Problem details:
Wherever a line holds the word "Vintage", copy that line from the data.

Entries taken from a collection:
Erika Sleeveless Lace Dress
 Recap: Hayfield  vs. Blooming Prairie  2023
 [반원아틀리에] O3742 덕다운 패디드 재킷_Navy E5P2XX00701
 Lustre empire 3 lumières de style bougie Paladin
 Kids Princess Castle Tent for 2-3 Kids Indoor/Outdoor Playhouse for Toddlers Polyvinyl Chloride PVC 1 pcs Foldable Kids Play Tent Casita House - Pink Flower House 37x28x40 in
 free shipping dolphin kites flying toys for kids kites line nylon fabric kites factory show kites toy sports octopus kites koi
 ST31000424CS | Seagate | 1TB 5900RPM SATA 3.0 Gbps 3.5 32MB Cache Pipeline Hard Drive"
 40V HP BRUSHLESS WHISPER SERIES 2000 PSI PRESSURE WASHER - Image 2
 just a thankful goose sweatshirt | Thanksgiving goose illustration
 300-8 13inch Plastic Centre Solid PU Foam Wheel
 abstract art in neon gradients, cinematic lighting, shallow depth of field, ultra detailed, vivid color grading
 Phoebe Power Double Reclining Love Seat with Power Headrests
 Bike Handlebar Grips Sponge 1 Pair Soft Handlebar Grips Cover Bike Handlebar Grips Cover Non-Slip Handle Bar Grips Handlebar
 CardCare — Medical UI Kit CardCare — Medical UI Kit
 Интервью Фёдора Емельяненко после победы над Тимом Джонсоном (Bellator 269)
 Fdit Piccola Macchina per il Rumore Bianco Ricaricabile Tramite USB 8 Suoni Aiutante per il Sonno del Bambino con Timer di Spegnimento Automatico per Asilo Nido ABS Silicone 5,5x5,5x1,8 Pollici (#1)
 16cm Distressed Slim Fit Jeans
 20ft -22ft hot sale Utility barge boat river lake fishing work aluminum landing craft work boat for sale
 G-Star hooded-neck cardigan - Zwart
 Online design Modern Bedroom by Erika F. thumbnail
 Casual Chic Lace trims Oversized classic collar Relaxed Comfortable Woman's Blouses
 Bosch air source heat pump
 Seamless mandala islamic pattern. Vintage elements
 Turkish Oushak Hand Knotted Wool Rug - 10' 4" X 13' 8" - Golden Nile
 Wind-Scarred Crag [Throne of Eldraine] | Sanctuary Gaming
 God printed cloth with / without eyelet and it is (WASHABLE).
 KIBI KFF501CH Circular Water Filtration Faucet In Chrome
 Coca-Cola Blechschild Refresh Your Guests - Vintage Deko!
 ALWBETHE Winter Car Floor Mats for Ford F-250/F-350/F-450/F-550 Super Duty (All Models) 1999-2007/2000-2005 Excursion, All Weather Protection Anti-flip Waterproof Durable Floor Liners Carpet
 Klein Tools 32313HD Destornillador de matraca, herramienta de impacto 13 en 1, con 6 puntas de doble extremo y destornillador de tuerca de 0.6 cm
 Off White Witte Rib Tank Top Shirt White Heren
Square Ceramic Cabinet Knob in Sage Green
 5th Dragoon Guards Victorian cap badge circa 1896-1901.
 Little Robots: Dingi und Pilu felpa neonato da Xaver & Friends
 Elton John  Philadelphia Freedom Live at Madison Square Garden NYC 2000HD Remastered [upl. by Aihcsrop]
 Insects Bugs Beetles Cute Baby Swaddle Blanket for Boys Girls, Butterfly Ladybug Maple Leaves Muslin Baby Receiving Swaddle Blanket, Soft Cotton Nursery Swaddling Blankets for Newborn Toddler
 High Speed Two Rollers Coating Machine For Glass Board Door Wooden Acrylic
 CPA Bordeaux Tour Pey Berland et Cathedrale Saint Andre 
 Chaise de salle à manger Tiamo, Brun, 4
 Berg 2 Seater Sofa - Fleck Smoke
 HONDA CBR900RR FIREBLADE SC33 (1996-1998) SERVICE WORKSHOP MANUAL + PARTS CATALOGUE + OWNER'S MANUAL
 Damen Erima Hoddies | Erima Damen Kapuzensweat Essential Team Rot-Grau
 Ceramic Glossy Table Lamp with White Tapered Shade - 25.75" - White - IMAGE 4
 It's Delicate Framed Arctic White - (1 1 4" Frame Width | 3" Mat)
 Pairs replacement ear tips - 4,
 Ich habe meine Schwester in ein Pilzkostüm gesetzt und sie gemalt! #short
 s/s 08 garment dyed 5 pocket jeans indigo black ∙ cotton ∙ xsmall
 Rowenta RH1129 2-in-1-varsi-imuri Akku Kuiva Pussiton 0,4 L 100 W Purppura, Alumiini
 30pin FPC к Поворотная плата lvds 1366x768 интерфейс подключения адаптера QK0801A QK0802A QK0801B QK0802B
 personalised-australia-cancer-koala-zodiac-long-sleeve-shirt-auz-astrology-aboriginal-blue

The answer:
 Seamless mandala islamic pattern. Vintage elements
 Coca-Cola Blechschild Refresh Your Guests - Vintage Deko!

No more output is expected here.